Si les gens d’affaires ont à mon avis une perception plutôt positive des avocats, je constate aussi que les particuliers les plus critiques, eux, ne sont pas toujours ceux qui ont eu une expérience personnelle avec un ou des avocats.

Notre capacité à démystifier la profession, à mon avis, aiderait beaucoup les choses, comme il est encore difficile de bien comprendre le système et son fonctionnement.

5. Quel conseil donneriez-vous à quelqu’un débutant sa carrière, voulant gravir les échelons et se retrouver, comme vous, à la tête des affaires juridiques d’une organisation?

Il est important, à mon avis, que l’avocat d’entreprise se perçoive comme un réel partenaire d’affaires, qui accompagne l’organisation dans ses décisions et la mise en place de projets tout en respectant le cadre légal applicable. Les avocats d’entreprise sont davantage, aujourd’hui, perçus comme des gens qui favorisent la recherche de solutions que comme des « empêcheurs de tourner en rond ».

Si la profession est, il est vrai, encore conservatrice, je crois qu’il faut savoir, si l’on veut accéder à des postes de gestion en droit, innover dans notre approche des solutions juridiques, nos façons de penser et de faire. Il faut être ouvert et à l’écoute.

Le fait de se trouver un mentor, qu’il soit avocat ou non, est aussi un atout. Il est important d’avoir dans son entourage quelqu’un en qui on a confiance, qui nous inspire, qu’on admire, à qui l’on peut se confier et qui peut nous donner des conseils quant à l’orientation de notre carrière.

Enfin, la rigueur demeure essentielle : c’est la clé. Le fait d’être passé par la pratique privée avant de faire le saut en entreprise est, à mon avis, une bonne école puisque cela permet de toucher à toutes sortes de choses, de connaître ses forces et ce que l’on veut ou non exploiter.
  • Le dernier bon livre qu’elle a lu : The Rooster Bar (auteur : John Grisham)
  • Le dernier bon film qu’elle a vu? Red Sparrow (réalisateur : Francis Lawrence)
  • Sa chanson fétiche : Il était une fois des gens heureux (auteur : Stéphane Venne)
  • Ses citations préférées : « il faut faire confiance à la vie » et « rien n’arrive pour rien »
  • Son péché mignon : le chocolat noir de marque Theobroma
  • Elle aime casser la croûte chez… Damas (avenue Van Horne, Outremont)
  • Sa prochaine destination : L’Argentine.
  • Elle admire:Nelson Mandela, pour sa lutte contre la ségrégation raciale et le fait qu’il ait réussi à faire bouger les choses.
  • Elle aurait rêvé d’être …médecin ou pianiste!

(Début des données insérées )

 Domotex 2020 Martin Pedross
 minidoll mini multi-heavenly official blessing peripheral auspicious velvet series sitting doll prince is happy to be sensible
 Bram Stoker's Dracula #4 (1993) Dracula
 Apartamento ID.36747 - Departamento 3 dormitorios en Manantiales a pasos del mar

Membre du Barreau du Québec depuis 1992, Me Lana Fiset occupe depuis juillet 2018 le poste de secrétaire générale, directrice exécutive affaires corporatives et juridiques pour le Réseau de transport métropolitain (exo). À ce titre, elle siège sur plusieurs instances dont le conseil d'administration, le comité de vérification et le comité de gouvernance, d'éthique et des ressources humaines.

Auparavant, elle occupait le poste de vice-rectrice à la gouvernance, aux ressources humaines et secrétaire générale de l'Institut national de la recherche scientifique, une université de deuxième cycle œuvrant, entre autres, dans les domaines de la santé, de l'environnement, de l'énergie, des matériaux et des télécommunications.

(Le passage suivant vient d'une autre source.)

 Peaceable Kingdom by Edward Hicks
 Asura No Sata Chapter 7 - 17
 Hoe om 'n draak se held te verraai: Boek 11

De plus, elle a occupé le poste de vice-présidente affaires juridiques, ressources humaines et secrétaire générale d'une société publique cotée en bourse dans le domaine de la santé.

Me Fiset possède également une expertise en matière de gouvernance, d'éthique, de droit des affaires et de ressources humaines. Elle a également occupé différents postes au sein de l'industrie du secteur des services financiers québécois en droit, en conformité réglementaire, ainsi qu'à titre de gestionnaire.

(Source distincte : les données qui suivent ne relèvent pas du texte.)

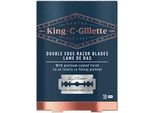 Gillette - King Double Edge Razor Blades 10.0Ks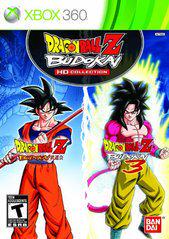 Dragon Ball Z Budokai HD Collection - Xbox 360 | Anubis Games and Hobby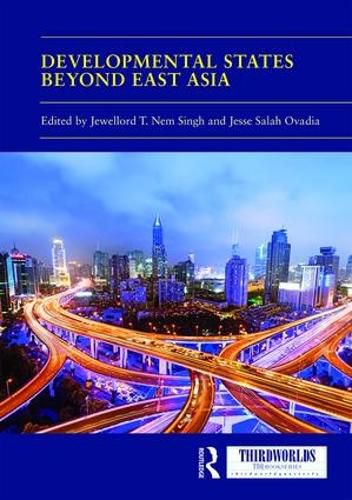 Cover image for Developmental States beyond East Asia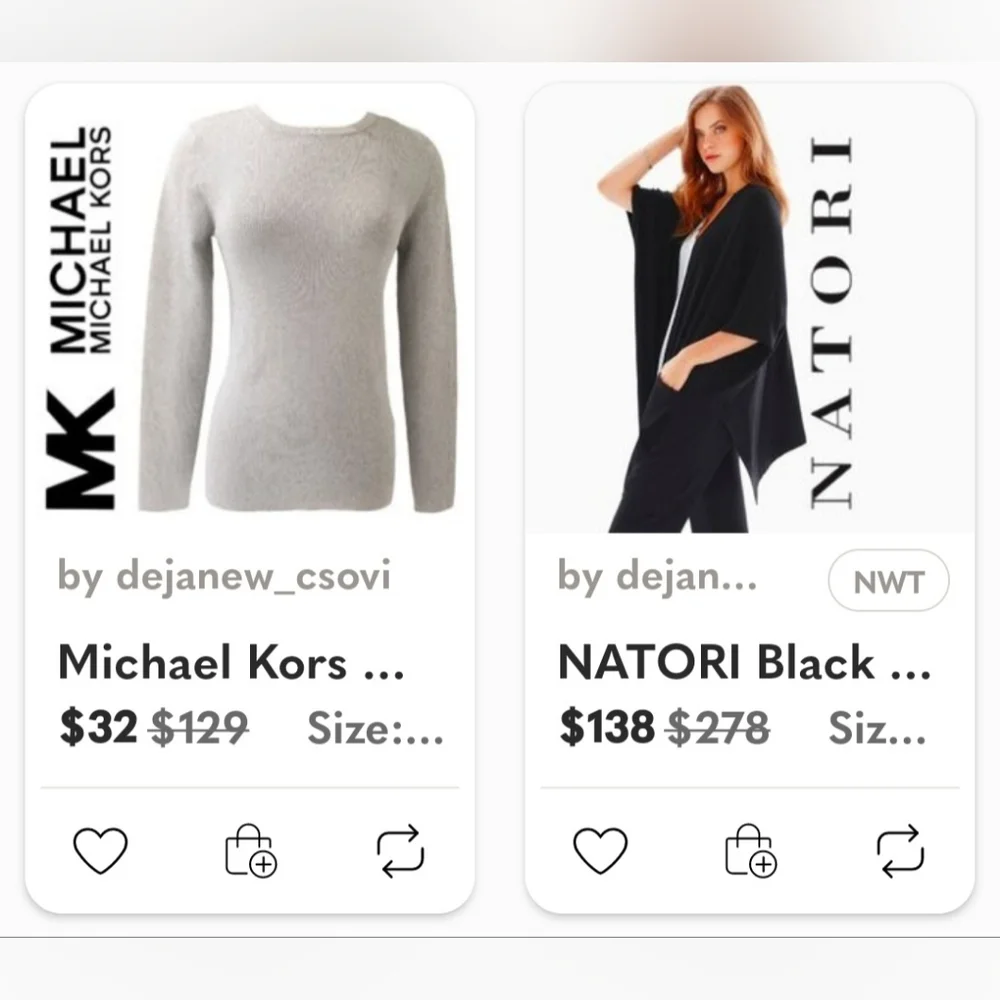 JUST IN❣️ New items listed daily🛒🛍🎉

En plus d'avoir siégé sur des conseils d'administration d'OSBL, elle siège actuellement sur le conseil d'administration de l'Ordre des audioprothésistes du Québec, ainsi que sur le comité de révision de l'Ordre des dentistes du Québec.

Me Fiset est administratrice de sociétés certifiée (ASC), ayant complété le programme de certification universitaire en gouvernance de sociétés du Collège des administrateurs de sociétés de l'Université Laval.